Les mesures restrictives du décret du 20 mai 2020 pour limiter la propagation du coronavirus dans le pays vont à l’encontre de « l’État de droit, de la démocratie, des droits de l’homme et nuisent au bon fonctionnement de toutes les institutions tant privées que publiques, particulièrement les secteurs de l’éducation et religieux », a dénoncé dans un communiqué le président de la Fédération protestante d’Haïti. Pour le pasteur Calixte Fleuridor, les dispositions de ce décret sont tout simplement « chimériques, excessives, irréalistes et inapplicables ».

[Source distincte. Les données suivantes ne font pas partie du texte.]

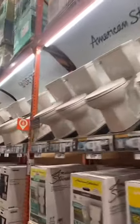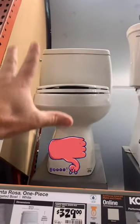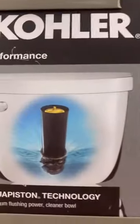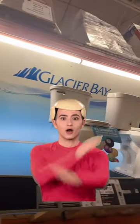Looking for the best flushing toilet at Home Depot and just don't know which one to buy? First off, stay away from one-piece toilets because they do not flush well at all. I would also stay away from this type of flush valve because you cannot adjust the water level. Stay away from Glacier Bay.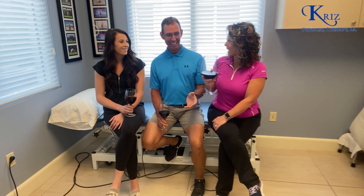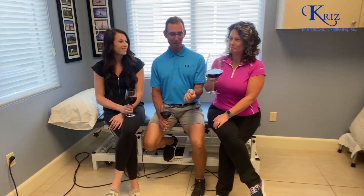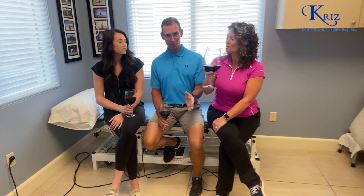The banter about explaining it in plain language aside, sometimes the bursa can be compressed and irritated.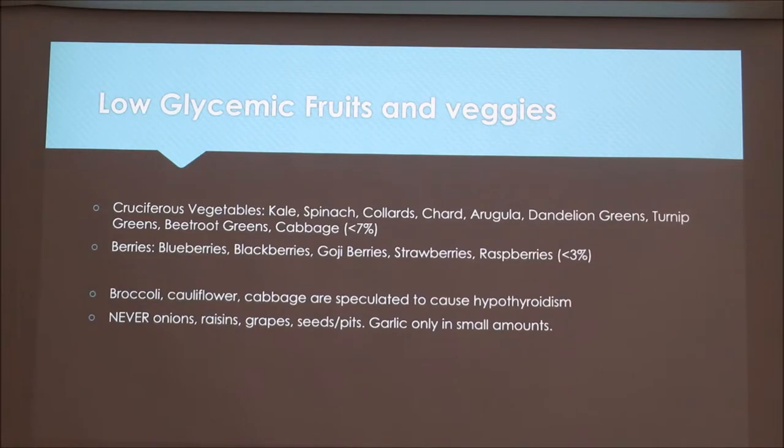Vegetables and fruits are not needed in the diet, but they are a good source of supplementation. Liver is so important because it provides the breakdown of carbohydrates and vitamins. Good cruciferous vegetables to use are kale, spinach, collards, chard, arugula, dandelion greens, turnip greens, beetroot greens, and cabbage — try to keep those at most 7% of the diet, since dogs can't absorb more than that. Good berries to use include blueberries, blackberries, goji berries, strawberries, and raspberries — no more than 3%. These need to be pureed or fermented to be most biologically available, since dogs have such a short digestive tract that they can't break down whole vegetables easily.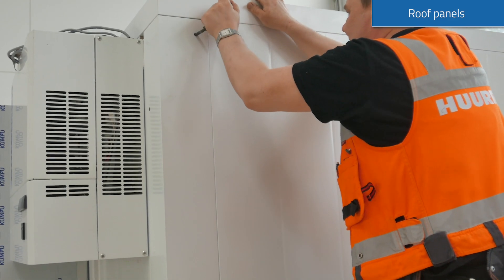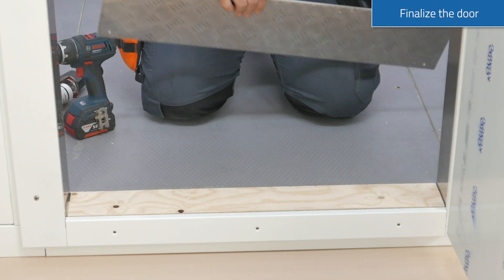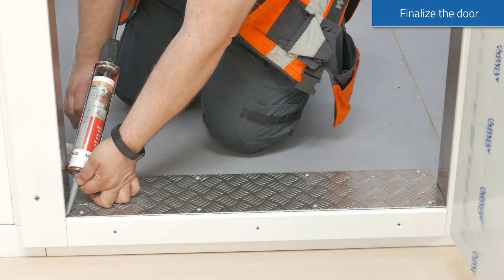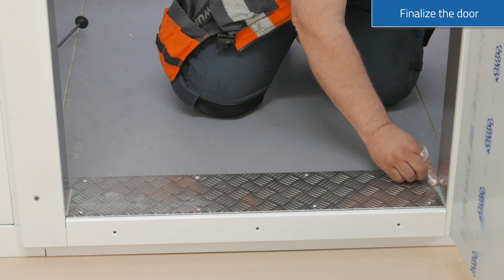After the roof is placed and locked, it is time for finalising the door. A safety damper is mounted and sealed over the door sill. Please remember to protect your fingers against the silicone.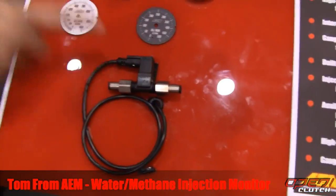It's a very simple install. It's this flow sensor right here, the gauge, and the software. Retail price is around $260. And when will it be available? Right now.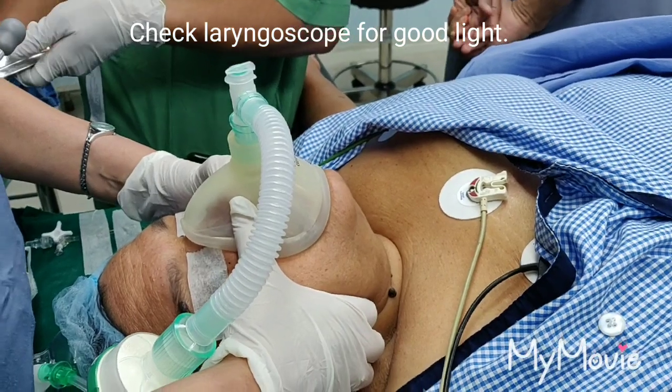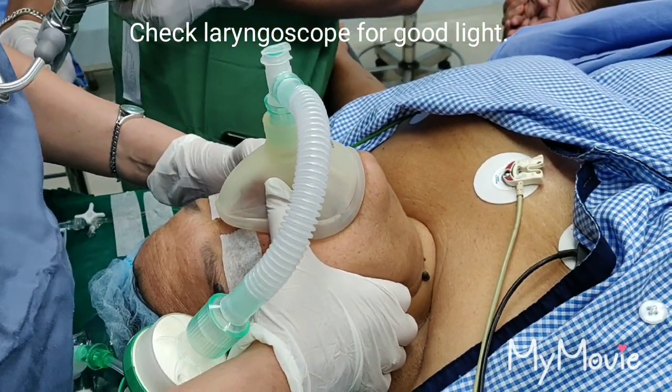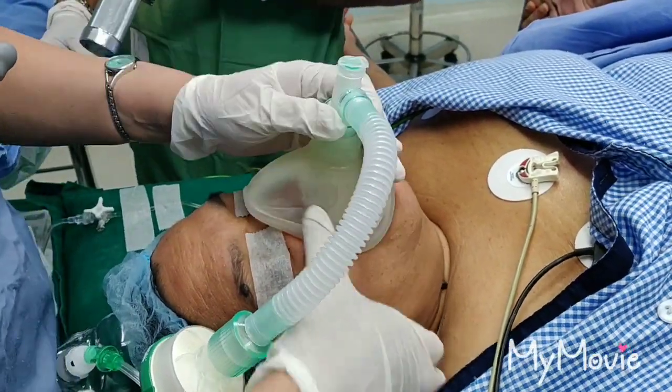Okay, vitals are good. Blood pressure 100, saturation 100%, BP 116 by 58. Three minutes done.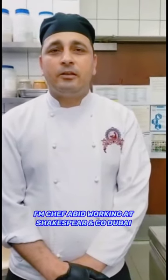Hi everyone, I am Chef Aapit working at Shakespeare and Kodobayi. Today I just want to introduce you to Red Kidney Beans Soup.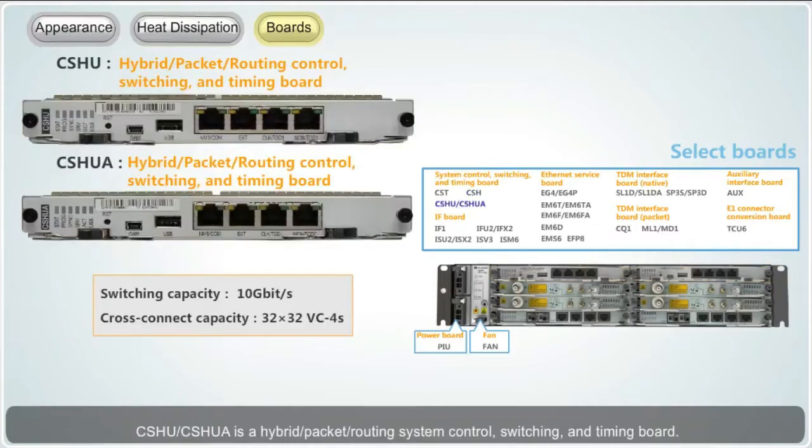CSHU and CSHUA is a hybrid packet routing system control, switching and timing board. It also provides system control, TDM cross connection, packet switching and clock processing functions. The CSHU and CSHUA board supports L3 VPN.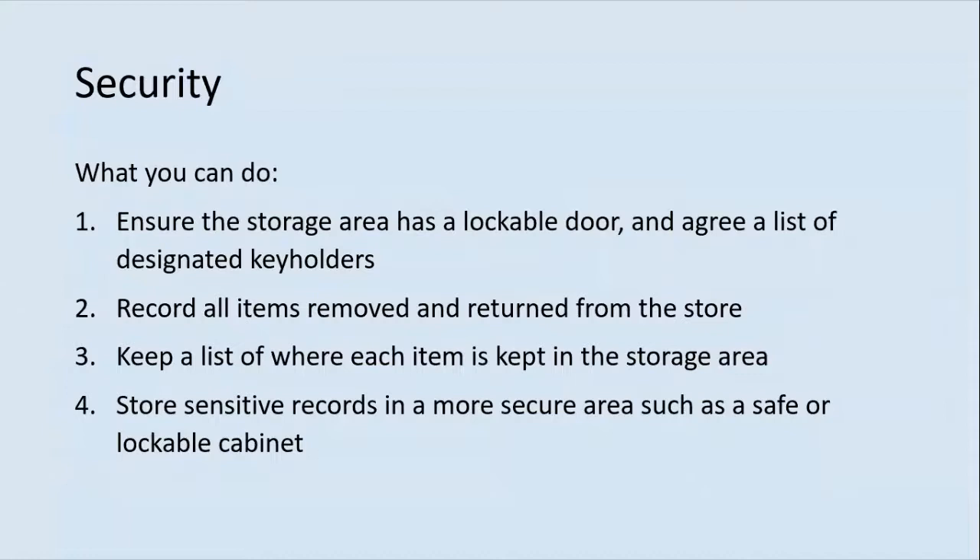Security. When storing collections in a public building, decide who and how many people will have access to the storage area and how you will keep it secure to protect the collections from theft and vandalism. Ensure the storage area has a lockable door and agree a list of key holders. Record all items removed and returned from the store — leave a retrieval slip in place of the removed item, noting what was moved, who moved it and the date. Keep a list of where each item is currently held, specify the room and give each shelf a unique reference number. It is wise to store sensitive records in a more secure area such as a safe or lockable cabinet.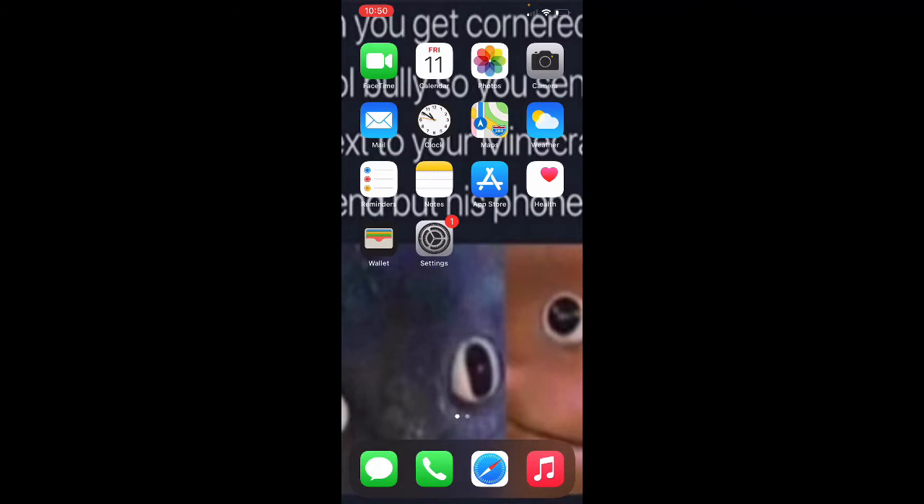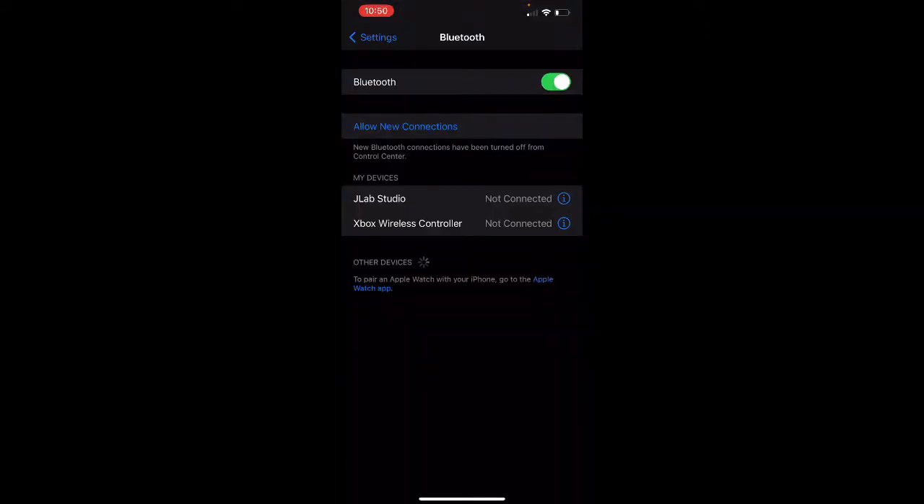What you're going to do — I've already connected my controller before — but you're going to go to the top of the controller, where you have LT and RT. There's going to be a little black button. Press that down and hold it until the Xbox logo is blinking.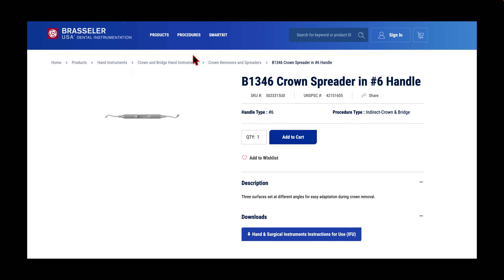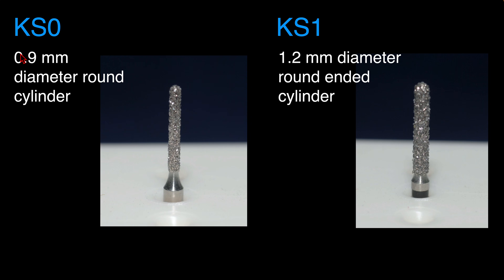Here's just from the Brasler website where you can see it. I'll add a link below in the description for the U.S. Brasler website. KS0 diamonds you can get from Brasler as well or from different manufacturers. This is a 0.9 millimeter round-ended cylinder diamond — I like this the best. The KS2 can work as well, but it creates a wider slot, which is not as effective with the crown removal instrument.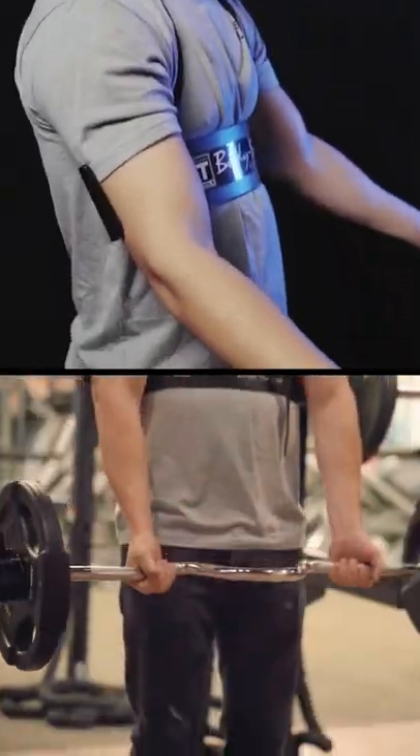So why use an Arm Blaster? This small accessory puts you in the optimal position to maximize the strength building benefits of bicep curls and gives you that massive pump that you look for when doing curls.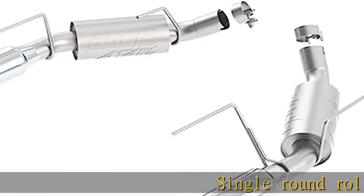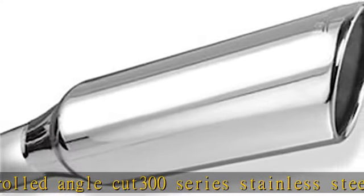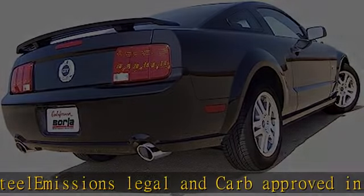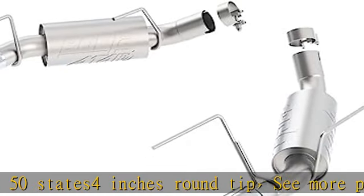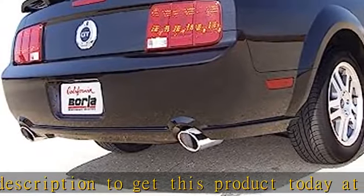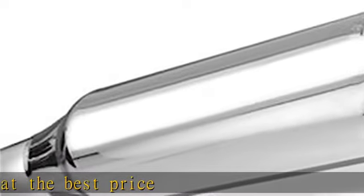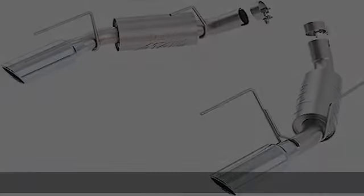Single round rolled angle cut, 300 series stainless steel. Emissions legal and CARB approved in all 50 states. 4 inches round tip. See more product details in the description to get this product today at the best price.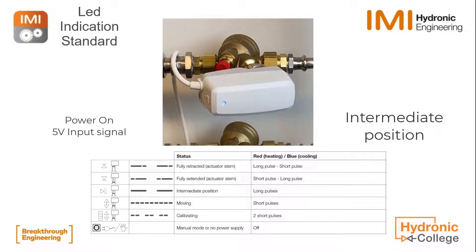We're in an intermediate position, indicated by two long pulses.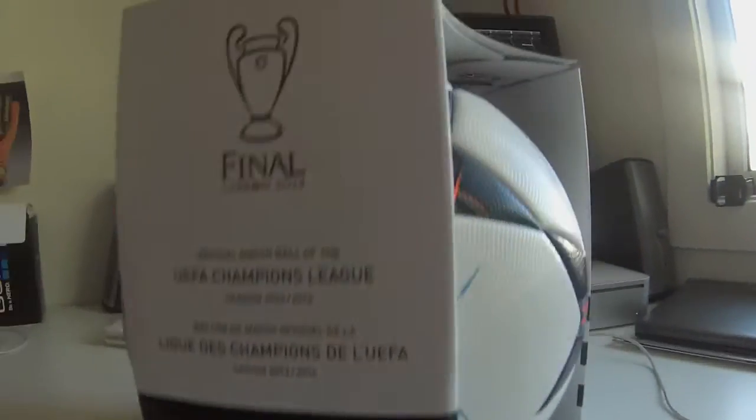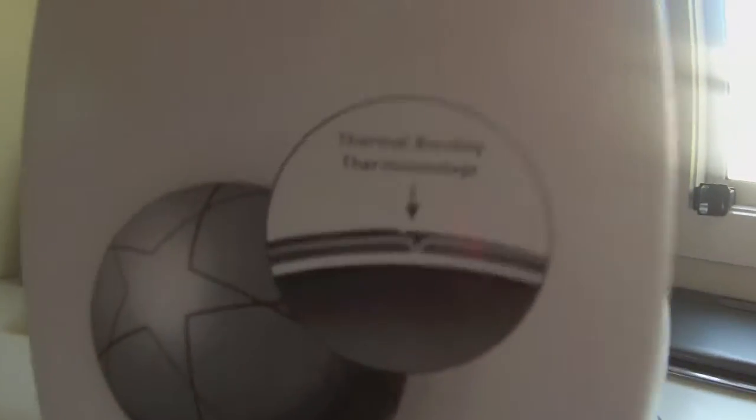Hello, today me and Curtis are doing an unboxing on the UEFA Champions League Lisbon ball. Curtis got it from a soccer shop in Brisbane for a price of $140, and yeah, this is an unboxing on it.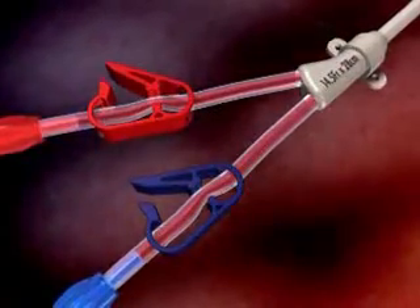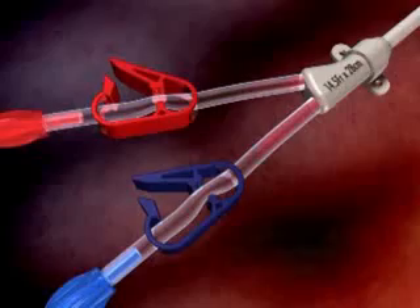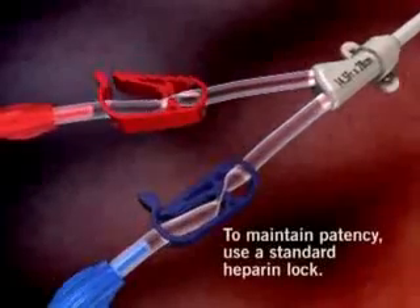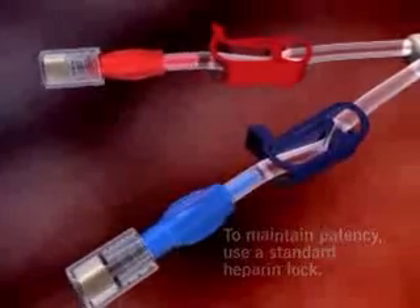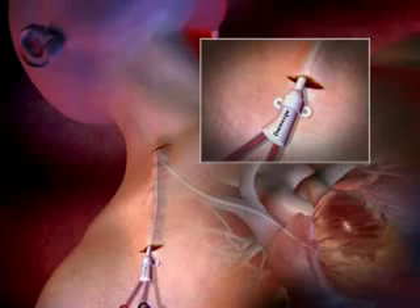Both lumens should then be flushed with saline-filled syringes. Close the extension clamps, remove the syringes, and place an injection cap on each luer lock connector. Confirm proper tip placement with fluoroscopy. Suture to secure the catheter hub to the chest wall.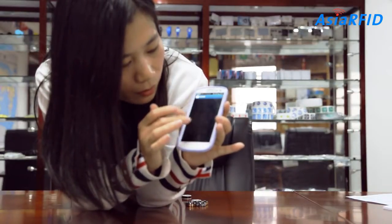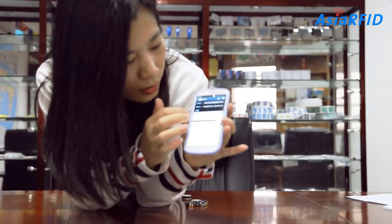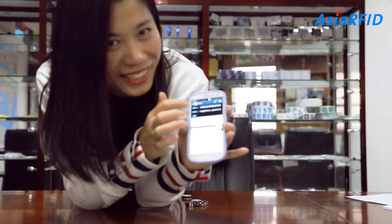This is my email. You can write email to me. It's okay.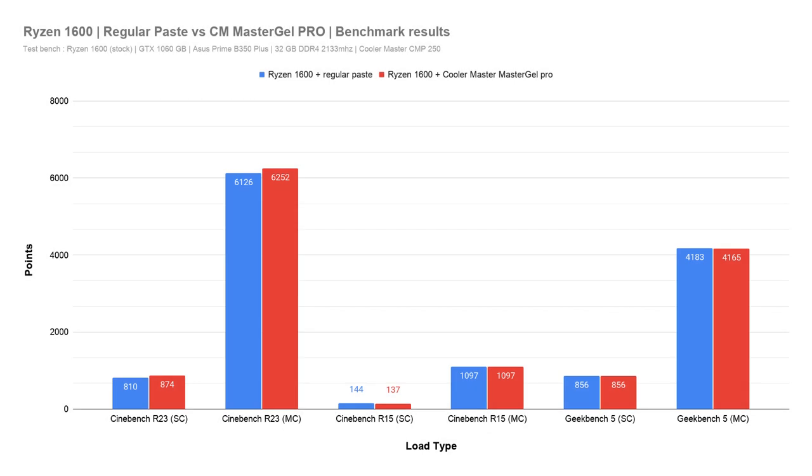As for the effect on performance, Cinebench R23 showed a decent 8% performance improvement on paper, though not exactly noticeable in real usage. The rest of the tests were more or less within the margin of error. This is expected since the Wraith Spire cooler is sufficient for the Ryzen 1600 and there was no thermal throttling to begin with — so temperature improvement doesn't necessarily mean performance improvement. On the brighter side, if you're into overclocking, this gives you about 5 more degrees Celsius of thermal headroom to work with.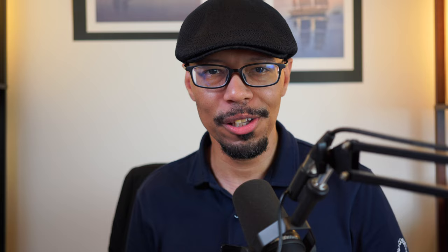Stay tuned, because I'm going to review the Rode Wireless Go 2 on this channel, along with other audio products — so what audio is like in 2022 and not 2010. With all that said, I thank you guys for watching this episode of Marc Antimatey Photography. Salute to you wherever you may be out in the world, and I will see you guys next time. And until next time — peace.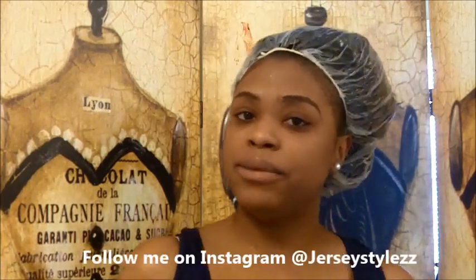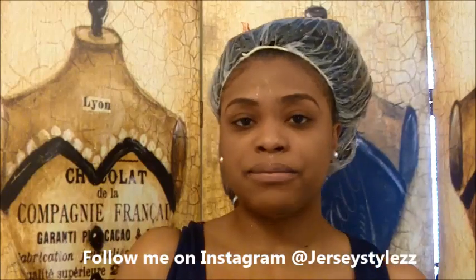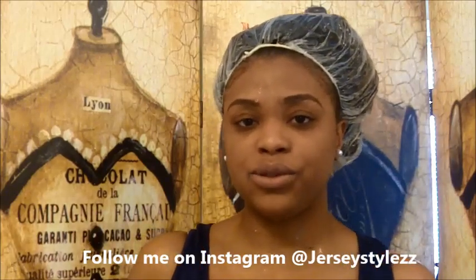Stay tuned for pictures. Please rate, comment, subscribe. I will see you guys later. Please follow me on Instagram at JerseyStyles — same name as YouTube. Bye!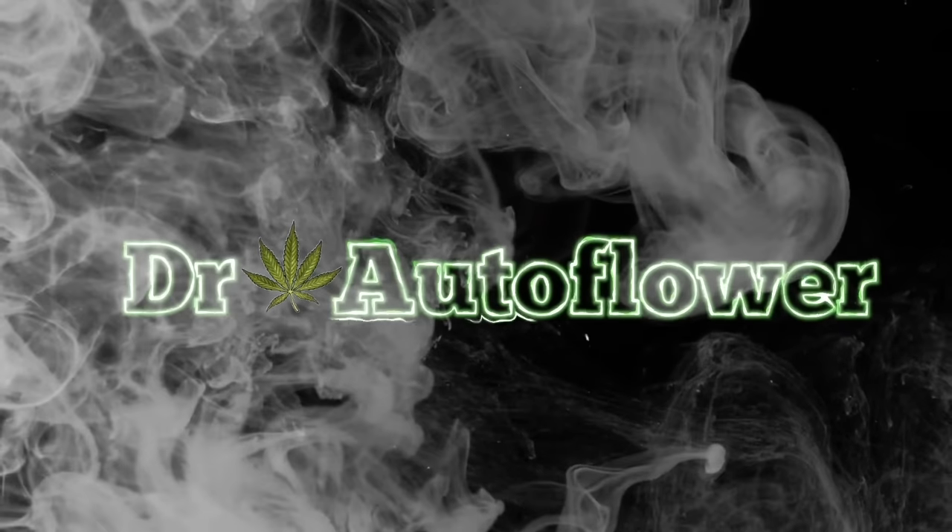What is going on guys? Dane here, aka Dr. Autoflower, and we are back with another question and answer video on autoflowers. We got some questions here from you guys and we're going to get into them.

« […] Les dispositions de l’article 6 du Décret du 20 mai qui élève au rang d’infraction la réunion simultanée de plus de cinq personnes, en milieu clos ou ouvert, sous peine d’amende de trois mille gourdes, de cinq jours de prison ou de quinze jours de travail d’intérêt général, en cas de violation, est une atteinte très grave à l’exercice de la liberté de conscience, de réunion et d’association garantie par les articles 30 et 31 de la Constitution de 1987 amendée et les Conventions internationales ratifiées par la République d’Haïti », a rejeté la Fédération protestante, soulignant que même « des familles tombent sous le coup de cet article qui, s’il devrait être respecté à la lettre, obligerait une famille renfermant plus de 5 personnes à mettre à la porte certains de ses membres. »
« D’autres dispositions de ce décret entravent carrément le fonctionnement normal des institutions du pays dont les Cours et Tribunaux chargés de l’appliquer. Citons notamment les Tribunaux de Paix qui sont les plus proches de la population et les Tribunaux correctionnels qui étaient déjà confrontés à de graves problèmes de fonctionnement. Les dispositions de l’article 6 dudit Décret peuvent avoir pour conséquence de faire pourrir et même mourir en prison les gens arrêtés par la Police à cause du coronavirus », a fait remarquer le président de la Fédération protestante.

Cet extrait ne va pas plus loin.